CLEVELAND, Ohio - If success is measured by having a beer named after you, then count sports talker Mark "Munch" Bishop among the fortunate.

The iHeartMedia host's Munch on Sports is heard 3-6 p.m. on Fox Sports 1350, and syndicated via WNIO (The Sports Animal) / Youngstown and Sports WNCO (Fox Sports Radio 1340) / Ashland-Mansfield.

Bishop has wondered on air when a local brewery will make a Cream Ale. He has brought it up repeatedly on our weekly show "Beer with Bona and Much, Much More." (Bishop and I talk beer and sports at 3:40 p.m. Fridays).

The folks at Goldhorn Brewery are listening.

"He's come in here from time to time and mentioned that's one of his favorite styles," brewer Joel Warger said. "I said I was planning on brewing one. I said I'd name it after him. I had mentioned that I like Cream Ales, wished I had seen more of them.

"It's one of those things, they (some beer drinkers) hear it and think of Genny Cream Ale. But it was actually popularized by German immigrants."

Bishop's obsession with Cream Ale came on a trip to Syracuse, when he visited Empire Brewing Co. Musing over what to order, the waitress suggested "try the Cream Ale," he said.

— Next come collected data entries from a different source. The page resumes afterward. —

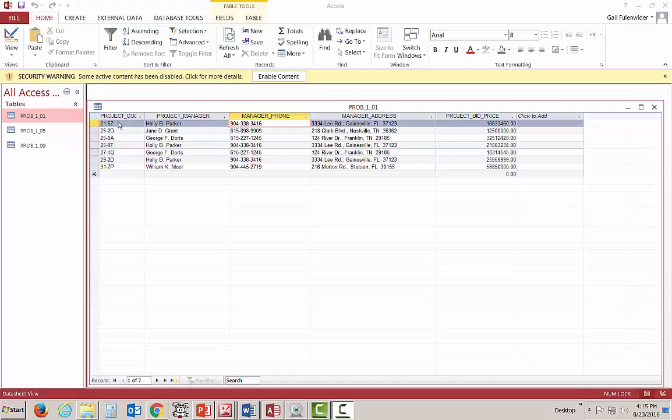So here we also have one, two, three, four, five, six, seven records. However, these are not unique records. We have duplications here.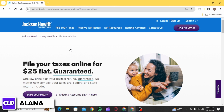Once you have entered all the required information, follow the prompts to complete the filing process for the prior year return. If you're eligible and choose to e-file the prior year return, follow the instructions for electronic filing. If electronic filing is not available for the selected prior year, follow the instructions to print the return and mail it to the appropriate tax authority.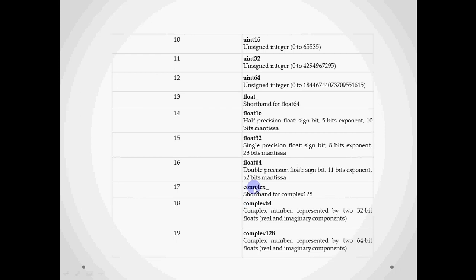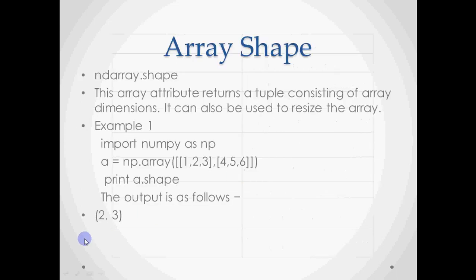Python also supports complex numbers as a data type, with variations of complex64 and complex128. You may have studied complex numbers in maths — you won't be using them much in calculations, but Python does support them. So those are your primitive data types available in Python, and you can use any of them with dtype.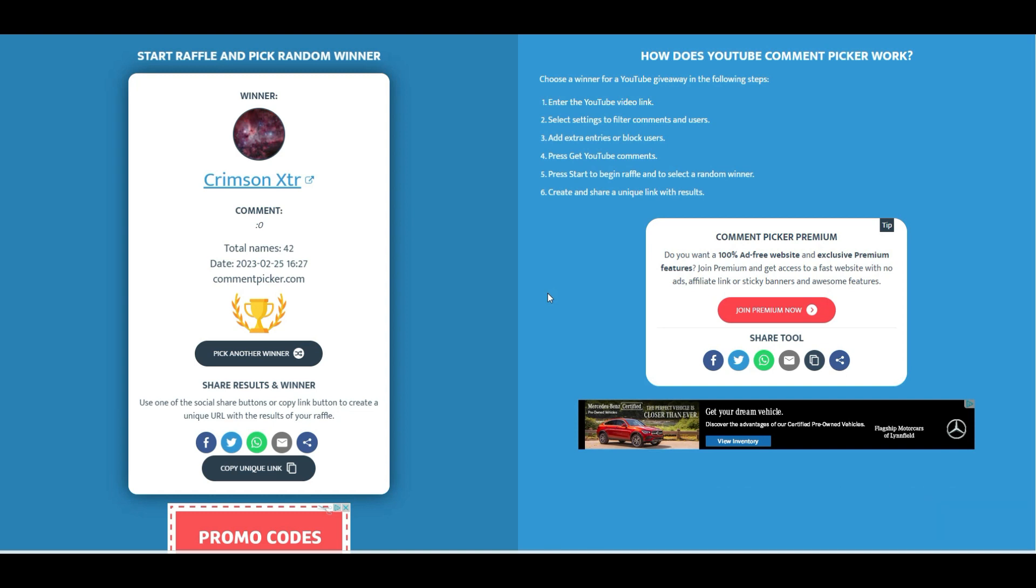You guys probably already know the drill at this point, but in case you don't, all you have to do to enter this giveaway is subscribe and comment on this specific video, and you'll be entered and ready to have your chance to win at the next last giveaway.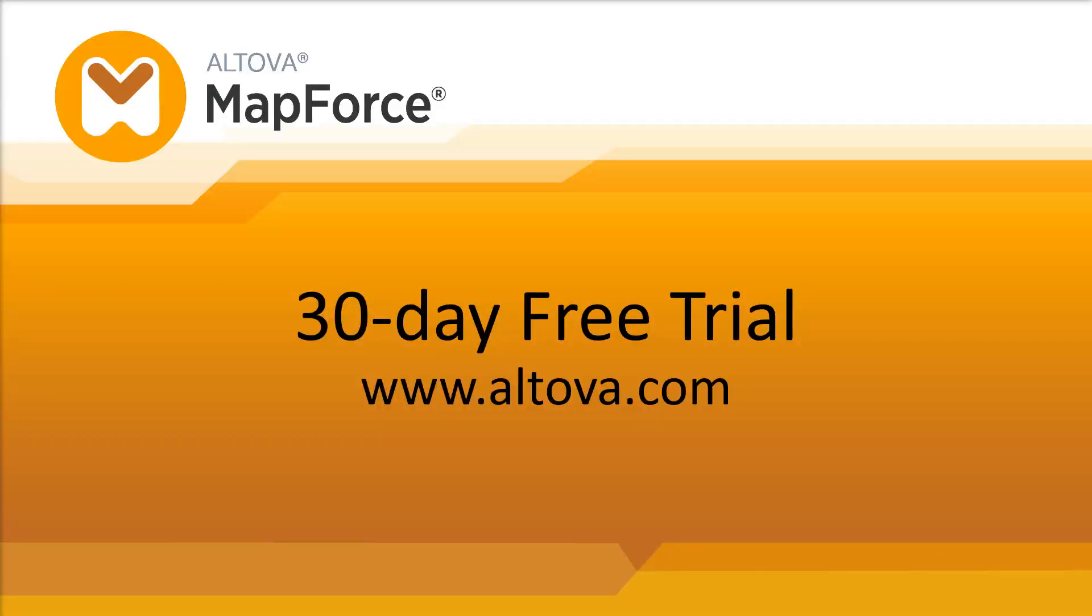You can test all the MapForce features yourself. Simply download a fully-featured 30-day free trial from the Altova website.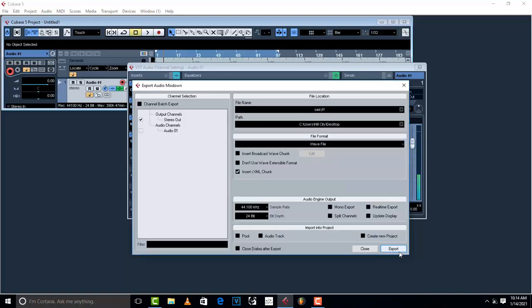Basically guys, this is how you master your songs in Cubase 5 in a simple way. I hope this video helped you. If it did, please leave a like and don't forget to subscribe to my channel. I'll see you in the next one.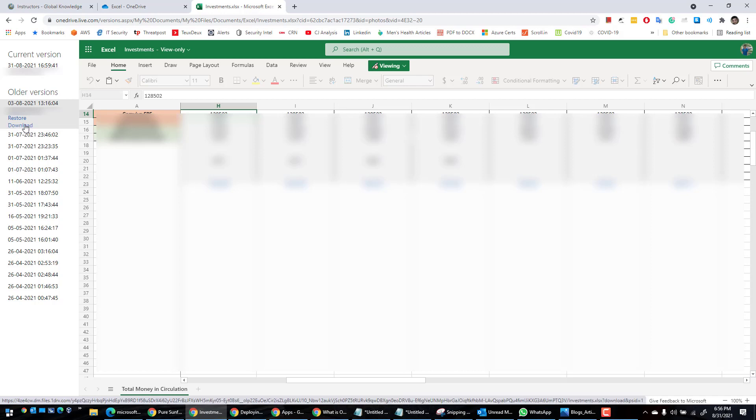I think download would be the safest option because you may have made some changes to the new file so you don't want to override the file. So just click on download and you can just manually populate the data from the previous version onto the new one.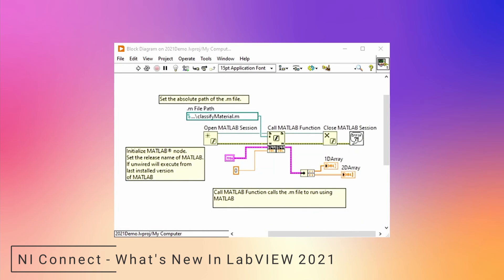They also added the Call MATLAB Function, so you can just reference the file path to a MATLAB file instead of using the MATLAB script node. This way you can keep your MATLAB code inside the .m file.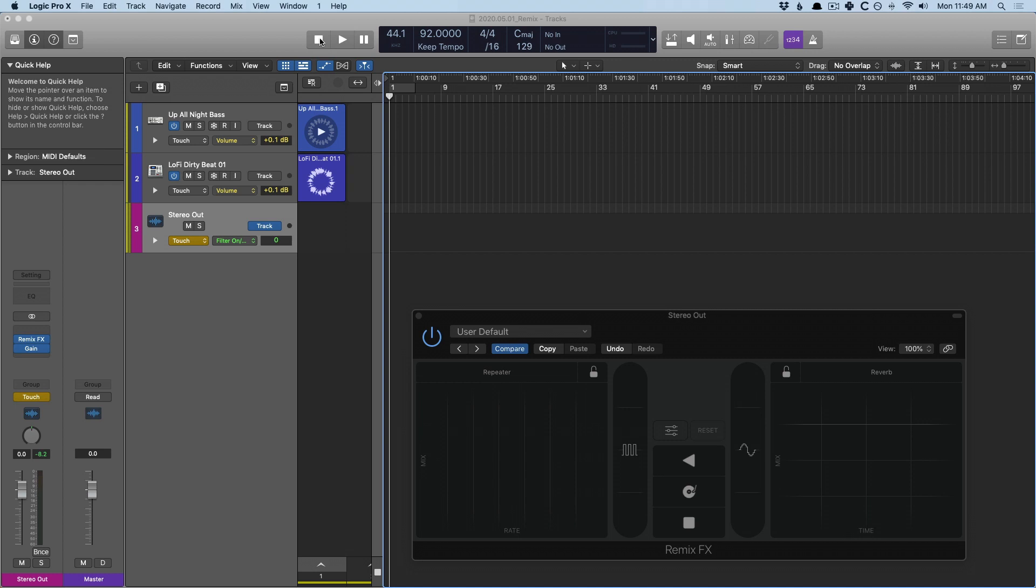We're using the remix effects to write automation as we perform using these two loops and they're looped for roughly two minutes. I'm using the live loop section just as an easy way to keep the loops going while being able to record automation.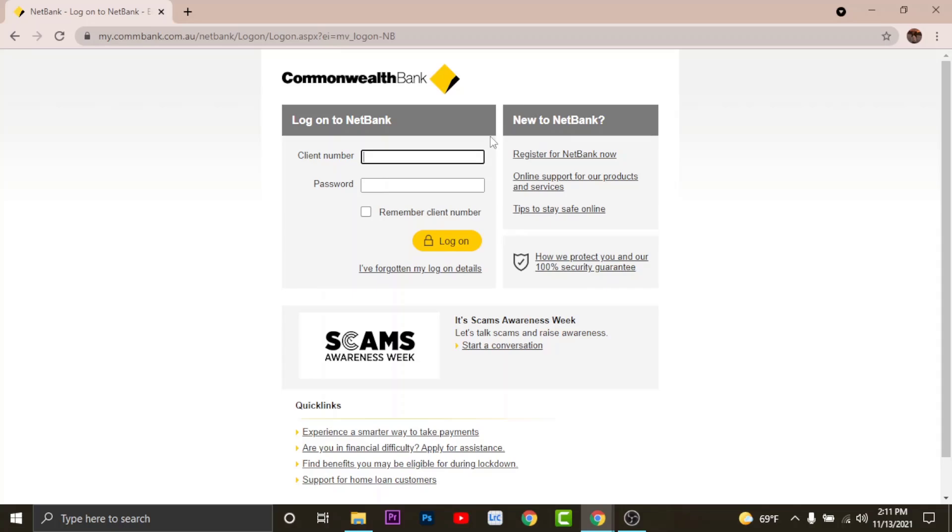If you want the site to remember your login details, you can tap onto remember client number. So the next time you log onto your account from the same site, you'll not have to enter your login details.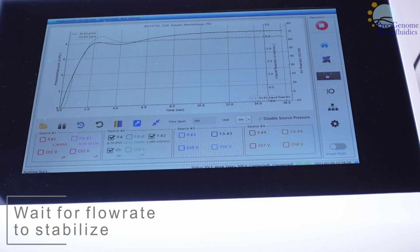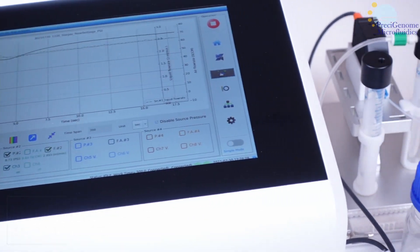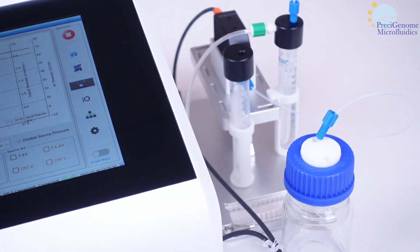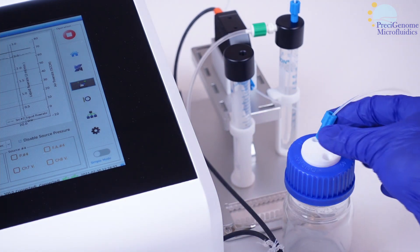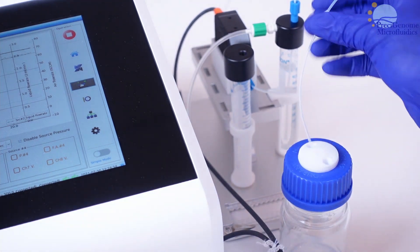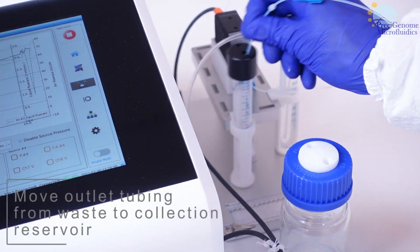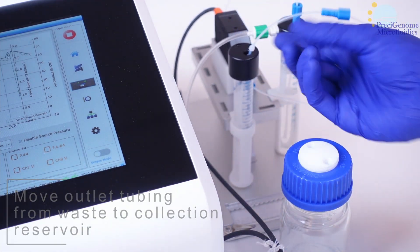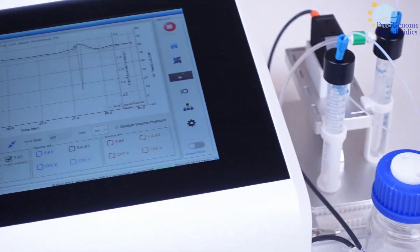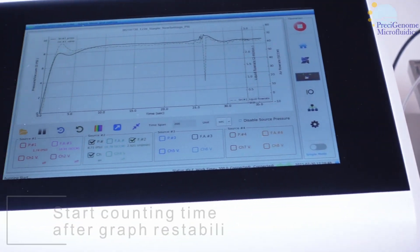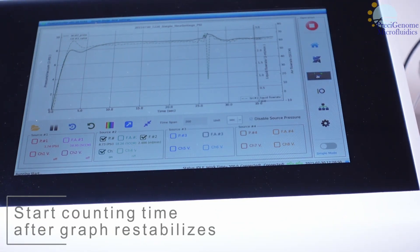Watch the live feed and wait for your flow rate to stabilize. When this has happened, quickly transfer your fluid outlet tubing to the collection reservoir. Wait for the live feed to stabilize again, and then start measuring time.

When you think of Cream Ale, the first one that often comes to mind is the one Warger mentioned: Genesee Cream Ale, its green and white can a staple in many bars and campuses for decades since its inception in 1960. It comes from Genesee Brewing Co. in Rochester, N.Y.

The old American style brew is a light-bodied, pale-colored ale that acts as a sort of hybrid between lager and ale. Its alcohol should range from 4.2 percent to 5.6 percent, according to the Beer Judge Certification Program.

Even craft breweries, often busy with creative infusions and obligatory India Pale Ales, haven't embraced this retro style of beer, though Warped Wing Brewing Co. in Dayton makes a popular one - Ermal's Belgian Style Cream Ale, at 5.4 percent alcohol and 20 International Bitterness Units.

"I can just imagine what Joel is going to do," Bishop said. Warger said he brewed one at Great Lakes Brewing Co., when he worked there.

Cream Ales sell well, he said, but "it's one of those brewers' beers. It's not a sexy new IPA or crazy beer with fruit in it."

The folks at Forest City Brewery in Cleveland's Duck Island neighborhood also have plans to make a Cream Ale in early 2018.

The beer is coming at a good time, Warger said. Goldhorn just ran out of its Kolsch, and the Cream Ale "just needs a name."

Bishop is pondering Munch Punch, among others. How about Talk Talk Cream Ale or On the Air Ale?

Whatever it is, it will be named soon.

"It's ready to go," Warger said.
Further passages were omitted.